Advanced: Lightning Integration
MatterTune uses PyTorch Lightning as its core training framework. This document outlines how Lightning is integrated and what functionality it provides.
Core Components
LightningModule Integration
The base model class FinetuneModuleBase
inherits from LightningModule
and provides:
Automatic device management (GPU/CPU handling)
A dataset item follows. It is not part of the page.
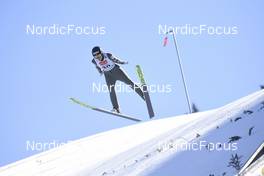 13.03.2022, Oberhof, Germany (GER): Anna Odine Stroem (NOR) - FIS world cup ski jumping women, individual HS100, Oberhof (GER). www.nordicfocus.com. © Koenig/NordicFocus. Every downloaded picture is fee-liable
Distributed training support
Built-in training/validation/test loops
Logging and metrics tracking
Checkpoint management
class FinetuneModuleBase(LightningModule):
def training_step(self, batch, batch_idx):
output = self(batch)
loss = self._compute_loss(output["predicted_properties"], self.batch_to_labels(batch))
return loss
def validation_step(self, batch, batch_idx):
output = self(batch)
self._compute_loss(output["predicted_properties"], self.batch_to_labels(batch))
def test_step(self, batch, batch_idx):
output = self(batch)
self._compute_loss(output["predicted_properties"], self.batch_to_labels(batch))
def configure_optimizers(self):
return create_optimizer(self.hparams.optimizer, self.parameters())
Data Handling
MatterTune uses Lightning’s DataModule system for standardized data loading:
class MatterTuneDataModule(LightningDataModule):
def prepare_data(self):
# Download data if needed
pass
def setup(self, stage):
# Create train/val/test splits
self.datasets = self.hparams.create_datasets()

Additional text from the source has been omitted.